About this task: Print each line exactly, from the one with "Наушники Soundcore Liberty 4" to the very last line of the listing, and keep the pictures out.

Input for this task:
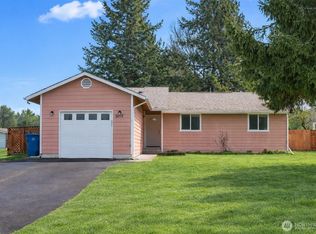 9117 58th Dr NE, Marysville, WA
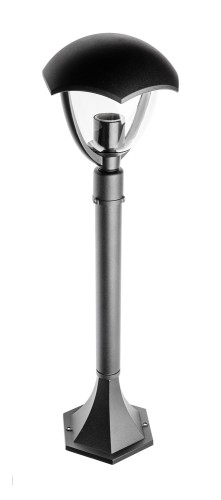 OS-GRA00P-001.jpg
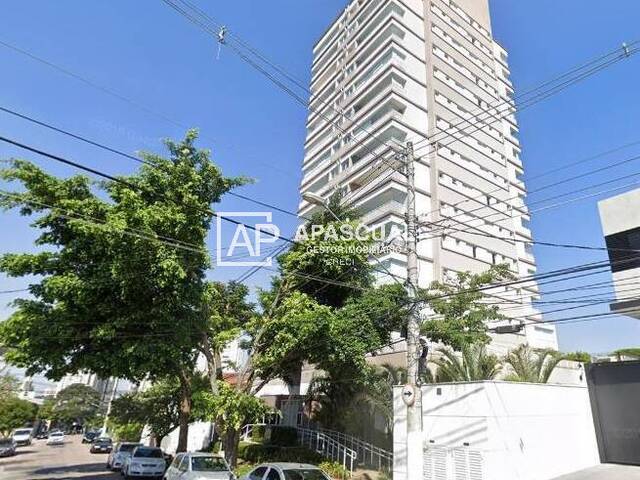 Apartamento para Venda em São Paulo - 2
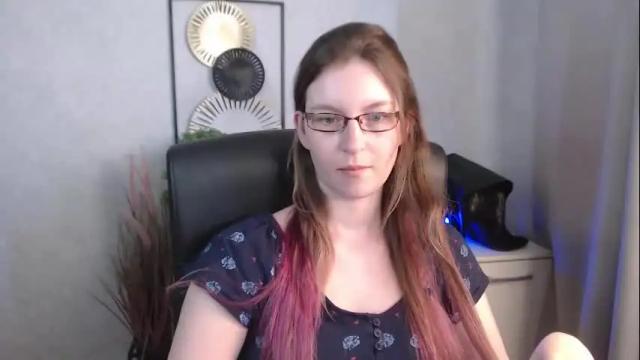 Image 6 of emma_lust94 Stream on Chaturbate on 28 days ago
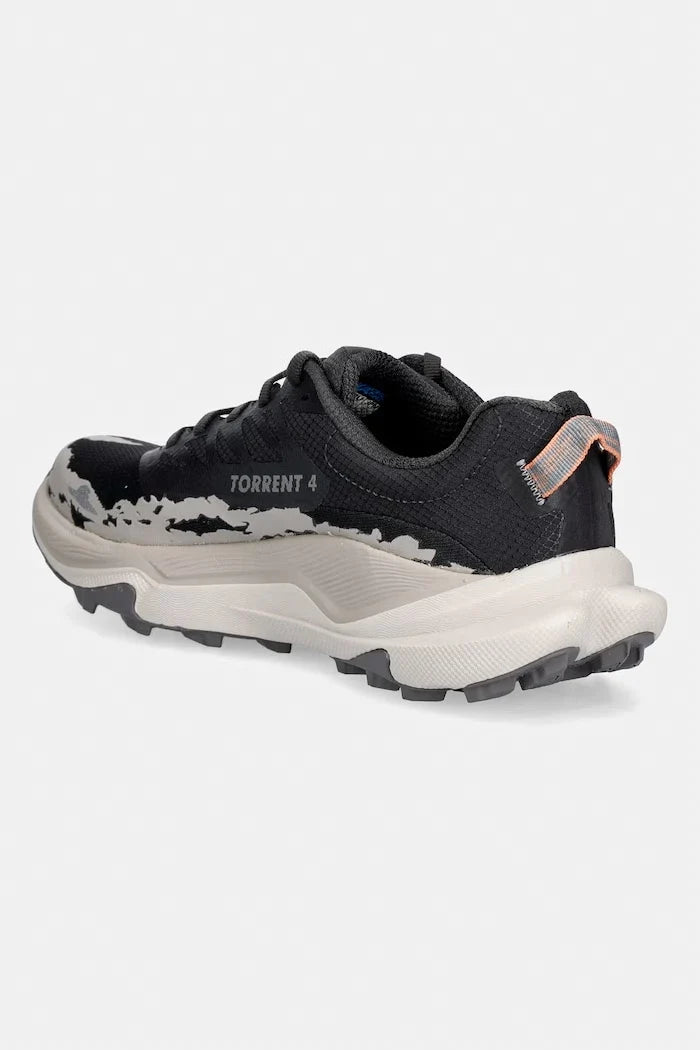 Zapatillas de running Hoka Torrent 4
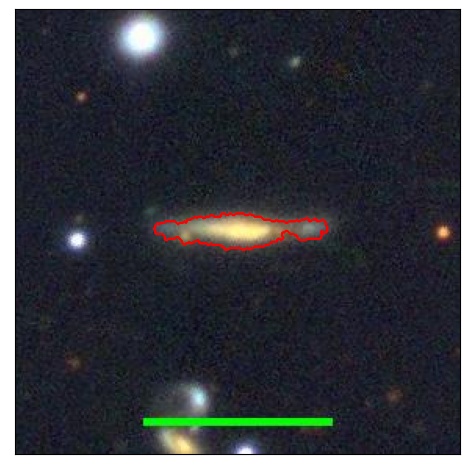 1906_035.0_contour_g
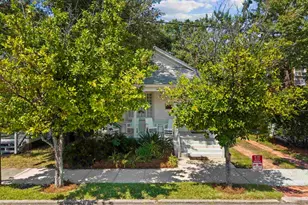 216 E Church St, Pensacola, FL 32502 - Photo 44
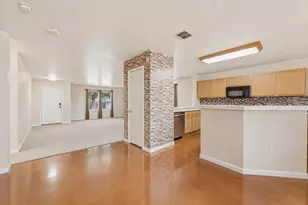 7826 Mustang Canyon, San Antonio, TX 78244 - Photo 6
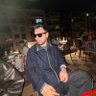 Ata profil fotoğrafı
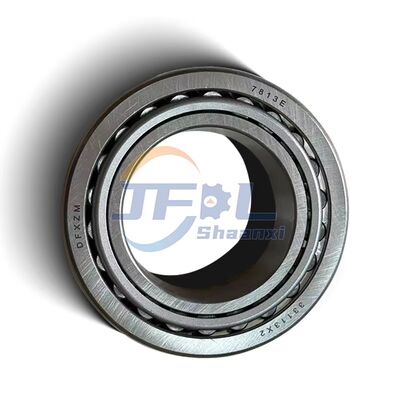 33113X2 Taper Roller Bearing Χονδρική προμήθεια για σύστημα μετάδοσης ανταλλακτικών φορτηγών Auman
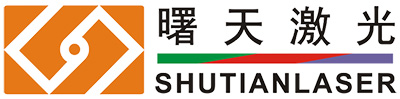 曙天激光 曙天激光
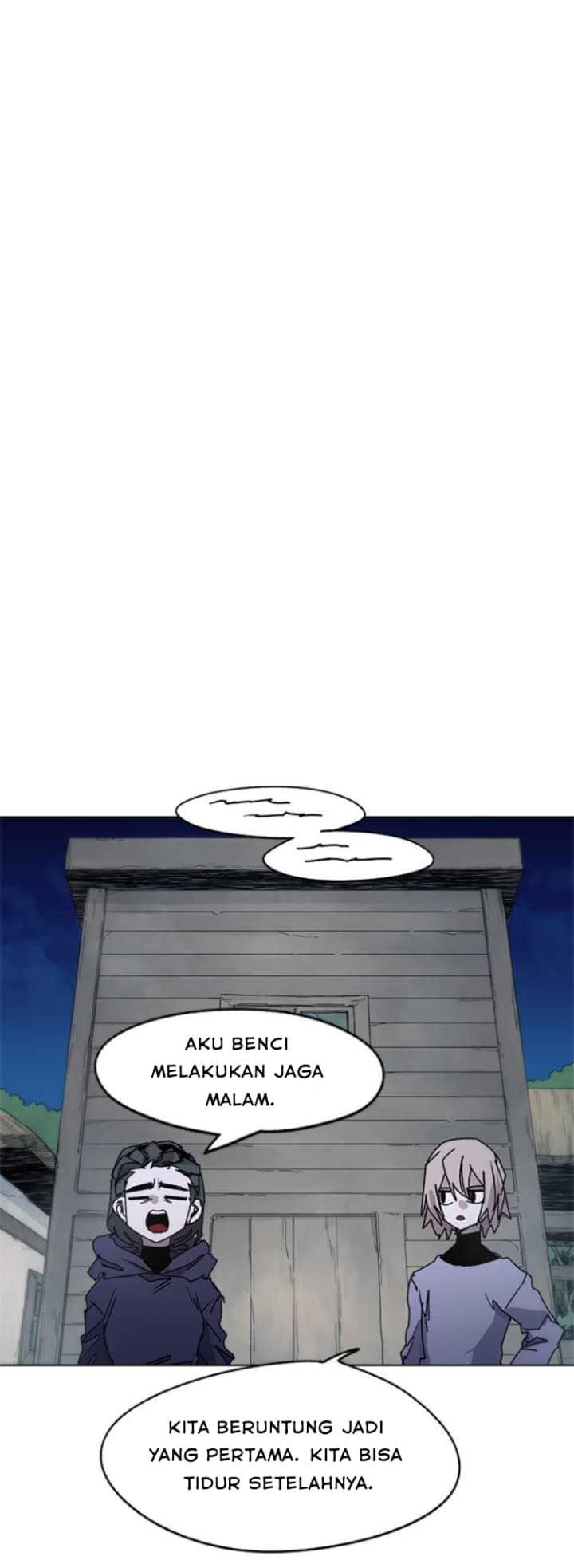 Halaman 43 dari 56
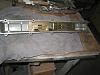 The Next Project-img_2525-large-.jpg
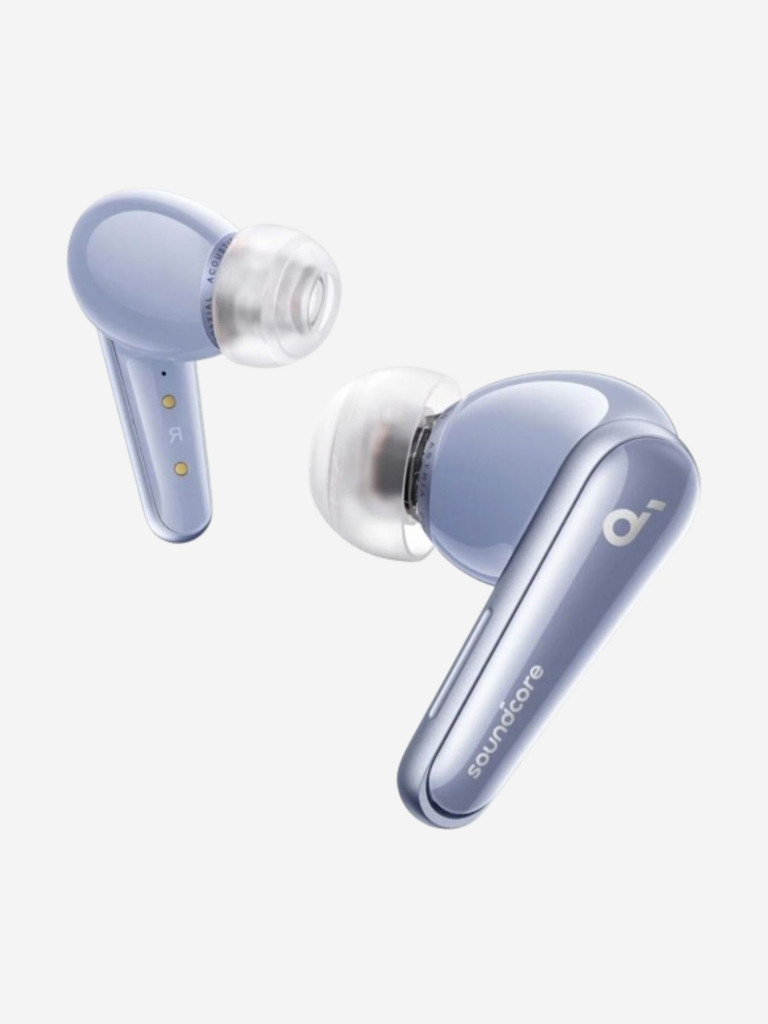 Наушники Soundcore Liberty 4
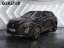 Peugeot 2008 Allure Pack EAT8 PureTech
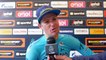 Tirreno Adriatico NamedSport 2019 | Jakob Fuglsang
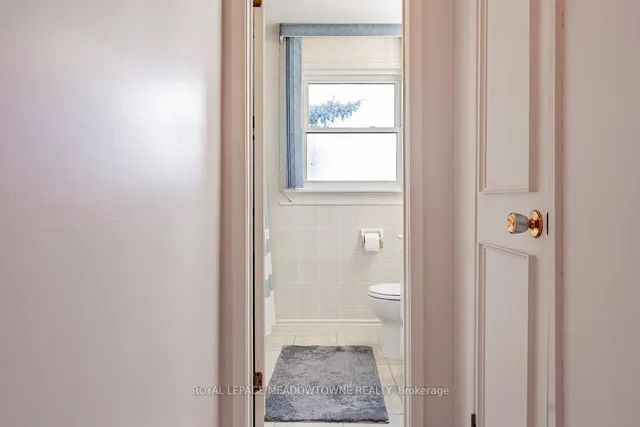 Additional property image - 769 Cabot Tr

Response:
 Наушники Soundcore Liberty 4
 Peugeot 2008 Allure Pack EAT8 PureTech
 Tirreno Adriatico NamedSport 2019 | Jakob Fuglsang
 Additional property image - 769 Cabot Tr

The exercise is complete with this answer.